§ **Assigned task**: What is needed is a word-for-word copy of every record below, minus the pictures.

§ **Provided material**:
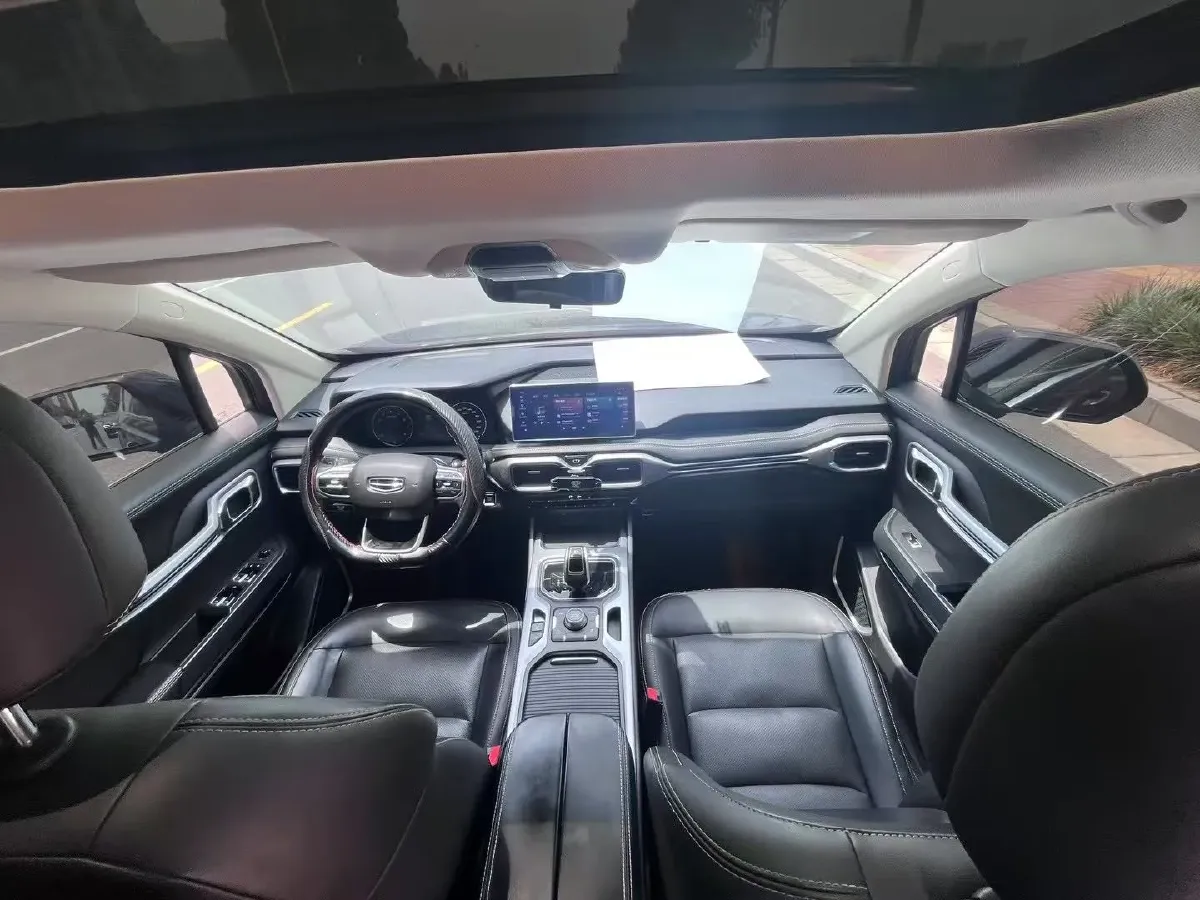 2020 Geely Okavango 1.8T 184HP L4 7DCT,autocango,china used car exporter,china ev exporter,chinese used car exporter,chinese used ev exporter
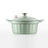 BUYDEEM CP551 Enamel Cast Iron Casserole 25cm – Light Fir Green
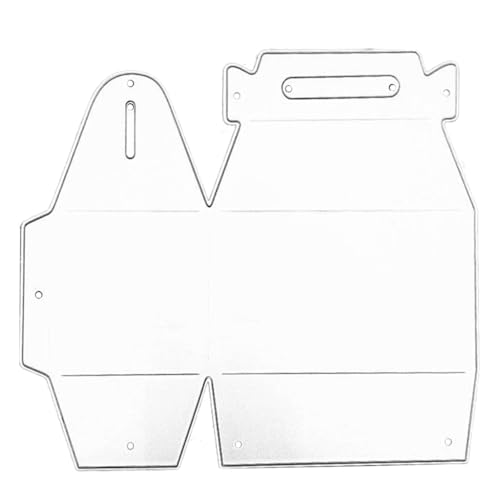 YPREWY Stanzschablone aus Karbonstahl, für Kartenherstellung, Scrapbooking, Tagebuch, Album, Metallprägeschablonen YPREWY Stanzschablone aus Karbonstahl, für Kartenherstellung, Scrapbooking, Tagebuch, Album, Metallprägeschablonen von YPREWY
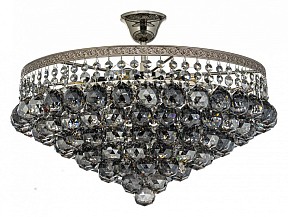 Люстра на штанге Arti Lampadari Castellana Nickel никель арт. Castellana E 1.3.46.607 N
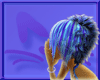 [LF] blue hair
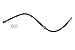 Sunsong 2206708 Brake Hydraulic Hose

§ **Answer**:
 2020 Geely Okavango 1.8T 184HP L4 7DCT,autocango,china used car exporter,china ev exporter,chinese used car exporter,chinese used ev exporter
 BUYDEEM CP551 Enamel Cast Iron Casserole 25cm – Light Fir Green
 YPREWY Stanzschablone aus Karbonstahl, für Kartenherstellung, Scrapbooking, Tagebuch, Album, Metallprägeschablonen YPREWY Stanzschablone aus Karbonstahl, für Kartenherstellung, Scrapbooking, Tagebuch, Album, Metallprägeschablonen von YPREWY
 Люстра на штанге Arti Lampadari Castellana Nickel никель арт. Castellana E 1.3.46.607 N
 [LF] blue hair
 Sunsong 2206708 Brake Hydraulic Hose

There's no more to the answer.